Almanac: Finding the Sleeper Bridge

It strikes me that being the youngest of four boys is a tricky thing.  You get swept up along with the rest of the family from the moment you arrive.  So every few days, I like to take our youngest for a walk, just the two of us, and see where he chooses to go.  It’s not always a wilderness walk (the other week he just led me straight to the village bakery) – but today he chose the fields.

 

 

These fields lead away from our home towards the main roads and the city.  You start to hear the sound of traffic in the distance … but there are still hidden places to discover.

At one point he calls “over here!” and points at a gap in a hedge.  I follow him as he pushes through the branches, over a stile and past a very old footpath way marker.   We find an odd rudamentary bridge, where a long time ago, someone has used a railway sleeper and some wooden planks to make a crossing over a stream – completely overgrown and unused, because a better path now runs the other side of the hedge.  The water runs through a gully underneath the hedgerow; it’s really pretty, but I never would have known it was there.

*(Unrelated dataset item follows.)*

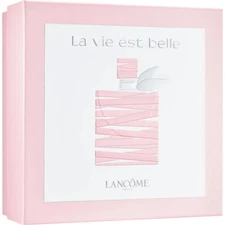 LANCOME LA VIE EST BELLE 3PC GIFT SET - 3.4OZL'EDP + 1.7OZ BODY LOTION + MASCARA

We find the path doesn’t lead anywhere, however we pause to look at the hawthorne blossoms, and watch the sparrows darting in and out of the brambles, before we retrace our steps.

Our way home takes us across a bridge made of paving slabs and industrial iron tubes and girders – not picture-postcard pretty, however when my little one makes another sudden turn off just before we cross, following a little robin as it hops along the bank, I turn back and see that, from the right angle, it’s beautiful.

After an hour, it’s almost dinnertime, and starting to lightly rain.  It’s time for him to set a course straight for home.